◆ **What you should do**
In the listing below, locate the line that contains "w closet（ダブルクロ" and the line that contains "SHEIN طقم نسائي". Restate word for word those two lines and every line between them, and nothing else.

◆ **Input data**
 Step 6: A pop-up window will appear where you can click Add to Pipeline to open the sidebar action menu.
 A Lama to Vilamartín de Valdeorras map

...

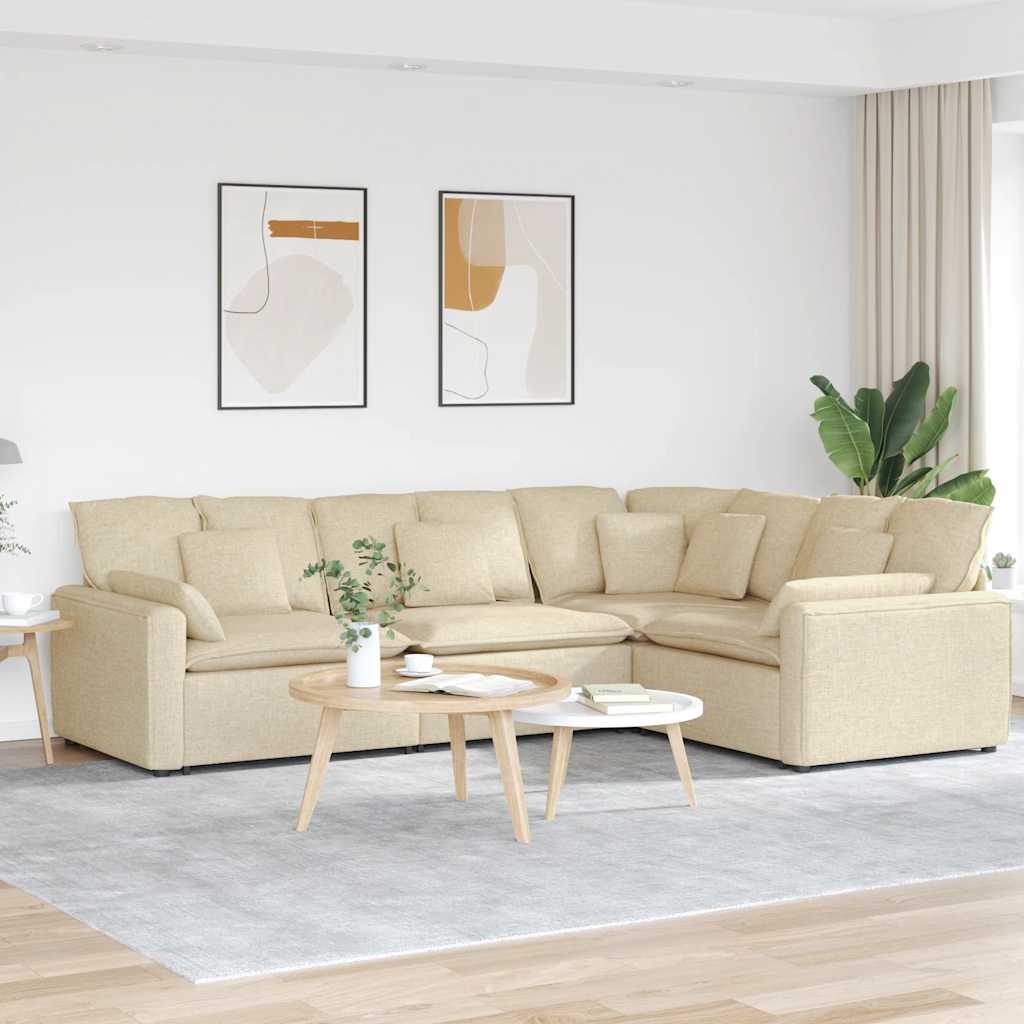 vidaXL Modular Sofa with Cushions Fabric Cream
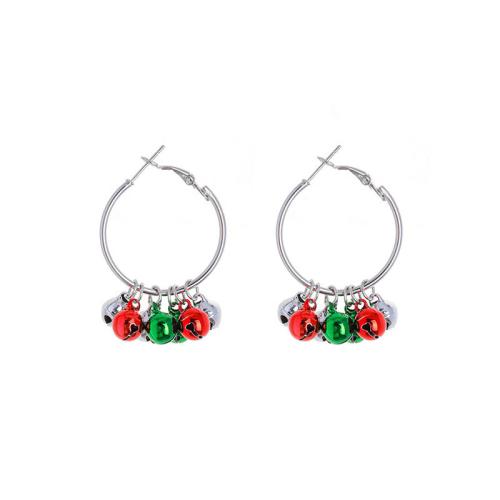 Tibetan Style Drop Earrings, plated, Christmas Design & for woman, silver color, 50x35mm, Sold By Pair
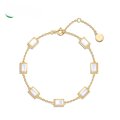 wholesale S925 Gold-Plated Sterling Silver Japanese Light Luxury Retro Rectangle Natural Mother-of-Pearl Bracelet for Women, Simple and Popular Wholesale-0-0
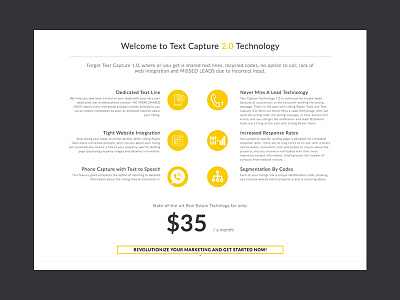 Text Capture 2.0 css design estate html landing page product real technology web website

---

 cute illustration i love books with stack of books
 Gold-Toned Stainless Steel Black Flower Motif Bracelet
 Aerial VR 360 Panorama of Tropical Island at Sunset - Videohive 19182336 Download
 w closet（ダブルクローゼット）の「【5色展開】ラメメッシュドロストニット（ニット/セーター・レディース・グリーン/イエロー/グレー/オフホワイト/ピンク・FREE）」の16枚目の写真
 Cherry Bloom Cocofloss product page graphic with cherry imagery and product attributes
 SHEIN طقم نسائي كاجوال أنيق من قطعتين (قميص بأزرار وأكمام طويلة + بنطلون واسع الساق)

◆ **Exercise result**
 w closet（ダブルクローゼット）の「【5色展開】ラメメッシュドロストニット（ニット/セーター・レディース・グリーン/イエロー/グレー/オフホワイト/ピンク・FREE）」の16枚目の写真
 Cherry Bloom Cocofloss product page graphic with cherry imagery and product attributes
 SHEIN طقم نسائي كاجوال أنيق من قطعتين (قميص بأزرار وأكمام طويلة + بنطلون واسع الساق)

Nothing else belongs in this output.